(Data excerpts Opens)

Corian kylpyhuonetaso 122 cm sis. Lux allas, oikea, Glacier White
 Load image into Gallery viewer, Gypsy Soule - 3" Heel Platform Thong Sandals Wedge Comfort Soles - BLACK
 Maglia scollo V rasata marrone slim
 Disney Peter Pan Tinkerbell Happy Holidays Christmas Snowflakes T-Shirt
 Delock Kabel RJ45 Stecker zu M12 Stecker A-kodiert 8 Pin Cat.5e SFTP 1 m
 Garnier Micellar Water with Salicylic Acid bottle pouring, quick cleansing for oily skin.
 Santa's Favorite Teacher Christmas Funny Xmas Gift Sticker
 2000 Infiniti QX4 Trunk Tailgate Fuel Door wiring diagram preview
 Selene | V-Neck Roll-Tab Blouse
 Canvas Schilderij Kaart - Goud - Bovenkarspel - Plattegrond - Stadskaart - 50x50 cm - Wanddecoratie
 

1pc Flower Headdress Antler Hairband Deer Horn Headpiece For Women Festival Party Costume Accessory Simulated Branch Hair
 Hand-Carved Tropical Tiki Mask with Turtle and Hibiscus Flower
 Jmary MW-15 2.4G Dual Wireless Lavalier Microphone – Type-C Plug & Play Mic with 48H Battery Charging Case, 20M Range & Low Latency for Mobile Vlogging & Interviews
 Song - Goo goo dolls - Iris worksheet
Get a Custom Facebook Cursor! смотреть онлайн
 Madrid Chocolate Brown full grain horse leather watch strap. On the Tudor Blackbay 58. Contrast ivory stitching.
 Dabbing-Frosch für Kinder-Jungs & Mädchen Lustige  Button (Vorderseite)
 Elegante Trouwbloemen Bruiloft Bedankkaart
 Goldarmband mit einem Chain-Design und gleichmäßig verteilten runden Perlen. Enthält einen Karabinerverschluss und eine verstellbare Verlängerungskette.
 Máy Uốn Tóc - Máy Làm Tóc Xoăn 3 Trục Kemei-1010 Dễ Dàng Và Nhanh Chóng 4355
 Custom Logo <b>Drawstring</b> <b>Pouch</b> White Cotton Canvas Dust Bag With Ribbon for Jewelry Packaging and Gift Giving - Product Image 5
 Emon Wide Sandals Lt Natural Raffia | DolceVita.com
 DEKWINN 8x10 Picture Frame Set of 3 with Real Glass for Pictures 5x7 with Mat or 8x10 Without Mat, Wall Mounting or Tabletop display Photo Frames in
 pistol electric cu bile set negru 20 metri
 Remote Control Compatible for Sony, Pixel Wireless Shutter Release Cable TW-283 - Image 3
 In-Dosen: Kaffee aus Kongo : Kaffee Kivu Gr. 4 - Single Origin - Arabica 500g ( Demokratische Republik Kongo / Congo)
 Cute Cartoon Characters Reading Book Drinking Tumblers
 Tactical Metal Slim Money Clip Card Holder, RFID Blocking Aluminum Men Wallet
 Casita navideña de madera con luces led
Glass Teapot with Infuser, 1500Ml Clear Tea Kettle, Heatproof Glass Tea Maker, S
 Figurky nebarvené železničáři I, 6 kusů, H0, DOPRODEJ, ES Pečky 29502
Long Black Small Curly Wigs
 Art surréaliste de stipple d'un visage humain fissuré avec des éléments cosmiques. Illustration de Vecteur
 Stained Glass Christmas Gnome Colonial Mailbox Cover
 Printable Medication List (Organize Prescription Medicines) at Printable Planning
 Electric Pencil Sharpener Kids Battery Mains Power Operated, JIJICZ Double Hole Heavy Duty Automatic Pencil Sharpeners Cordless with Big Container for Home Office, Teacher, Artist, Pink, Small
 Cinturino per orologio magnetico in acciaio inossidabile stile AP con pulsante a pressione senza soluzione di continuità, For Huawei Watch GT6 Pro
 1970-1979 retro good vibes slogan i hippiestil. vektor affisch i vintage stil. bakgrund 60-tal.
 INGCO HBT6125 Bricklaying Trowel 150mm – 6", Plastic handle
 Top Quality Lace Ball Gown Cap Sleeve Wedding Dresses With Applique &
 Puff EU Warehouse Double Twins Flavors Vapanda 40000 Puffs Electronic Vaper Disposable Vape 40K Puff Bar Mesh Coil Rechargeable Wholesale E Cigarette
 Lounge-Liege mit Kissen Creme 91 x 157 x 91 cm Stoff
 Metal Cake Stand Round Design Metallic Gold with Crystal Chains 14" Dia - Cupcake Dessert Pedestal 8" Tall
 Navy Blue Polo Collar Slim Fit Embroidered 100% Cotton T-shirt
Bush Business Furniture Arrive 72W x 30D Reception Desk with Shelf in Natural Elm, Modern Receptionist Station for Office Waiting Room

(Data excerpts Closes)

▶ _What is required_
Reproduce all records exactly, without omissions.

▶ _Solution to the exercise_
Corian kylpyhuonetaso 122 cm sis. Lux allas, oikea, Glacier White
 Load image into Gallery viewer, Gypsy Soule - 3" Heel Platform Thong Sandals Wedge Comfort Soles - BLACK
 Maglia scollo V rasata marrone slim
 Disney Peter Pan Tinkerbell Happy Holidays Christmas Snowflakes T-Shirt
 Delock Kabel RJ45 Stecker zu M12 Stecker A-kodiert 8 Pin Cat.5e SFTP 1 m
 Garnier Micellar Water with Salicylic Acid bottle pouring, quick cleansing for oily skin.
 Santa's Favorite Teacher Christmas Funny Xmas Gift Sticker
 2000 Infiniti QX4 Trunk Tailgate Fuel Door wiring diagram preview
 Selene | V-Neck Roll-Tab Blouse
 Canvas Schilderij Kaart - Goud - Bovenkarspel - Plattegrond - Stadskaart - 50x50 cm - Wanddecoratie
 

1pc Flower Headdress Antler Hairband Deer Horn Headpiece For Women Festival Party Costume Accessory Simulated Branch Hair
 Hand-Carved Tropical Tiki Mask with Turtle and Hibiscus Flower
 Jmary MW-15 2.4G Dual Wireless Lavalier Microphone – Type-C Plug & Play Mic with 48H Battery Charging Case, 20M Range & Low Latency for Mobile Vlogging & Interviews
 Song - Goo goo dolls - Iris worksheet
Get a Custom Facebook Cursor! смотреть онлайн
 Madrid Chocolate Brown full grain horse leather watch strap. On the Tudor Blackbay 58. Contrast ivory stitching.
 Dabbing-Frosch für Kinder-Jungs & Mädchen Lustige  Button (Vorderseite)
 Elegante Trouwbloemen Bruiloft Bedankkaart
 Goldarmband mit einem Chain-Design und gleichmäßig verteilten runden Perlen. Enthält einen Karabinerverschluss und eine verstellbare Verlängerungskette.
 Máy Uốn Tóc - Máy Làm Tóc Xoăn 3 Trục Kemei-1010 Dễ Dàng Và Nhanh Chóng 4355
 Custom Logo <b>Drawstring</b> <b>Pouch</b> White Cotton Canvas Dust Bag With Ribbon for Jewelry Packaging and Gift Giving - Product Image 5
 Emon Wide Sandals Lt Natural Raffia | DolceVita.com
 DEKWINN 8x10 Picture Frame Set of 3 with Real Glass for Pictures 5x7 with Mat or 8x10 Without Mat, Wall Mounting or Tabletop display Photo Frames in
 pistol electric cu bile set negru 20 metri
 Remote Control Compatible for Sony, Pixel Wireless Shutter Release Cable TW-283 - Image 3
 In-Dosen: Kaffee aus Kongo : Kaffee Kivu Gr. 4 - Single Origin - Arabica 500g ( Demokratische Republik Kongo / Congo)
 Cute Cartoon Characters Reading Book Drinking Tumblers
 Tactical Metal Slim Money Clip Card Holder, RFID Blocking Aluminum Men Wallet
 Casita navideña de madera con luces led
Glass Teapot with Infuser, 1500Ml Clear Tea Kettle, Heatproof Glass Tea Maker, S
 Figurky nebarvené železničáři I, 6 kusů, H0, DOPRODEJ, ES Pečky 29502
Long Black Small Curly Wigs
 Art surréaliste de stipple d'un visage humain fissuré avec des éléments cosmiques. Illustration de Vecteur
 Stained Glass Christmas Gnome Colonial Mailbox Cover
 Printable Medication List (Organize Prescription Medicines) at Printable Planning
 Electric Pencil Sharpener Kids Battery Mains Power Operated, JIJICZ Double Hole Heavy Duty Automatic Pencil Sharpeners Cordless with Big Container for Home Office, Teacher, Artist, Pink, Small
 Cinturino per orologio magnetico in acciaio inossidabile stile AP con pulsante a pressione senza soluzione di continuità, For Huawei Watch GT6 Pro
 1970-1979 retro good vibes slogan i hippiestil. vektor affisch i vintage stil. bakgrund 60-tal.
 INGCO HBT6125 Bricklaying Trowel 150mm – 6", Plastic handle
 Top Quality Lace Ball Gown Cap Sleeve Wedding Dresses With Applique &
 Puff EU Warehouse Double Twins Flavors Vapanda 40000 Puffs Electronic Vaper Disposable Vape 40K Puff Bar Mesh Coil Rechargeable Wholesale E Cigarette
 Lounge-Liege mit Kissen Creme 91 x 157 x 91 cm Stoff
 Metal Cake Stand Round Design Metallic Gold with Crystal Chains 14" Dia - Cupcake Dessert Pedestal 8" Tall
 Navy Blue Polo Collar Slim Fit Embroidered 100% Cotton T-shirt
Bush Business Furniture Arrive 72W x 30D Reception Desk with Shelf in Natural Elm, Modern Receptionist Station for Office Waiting Room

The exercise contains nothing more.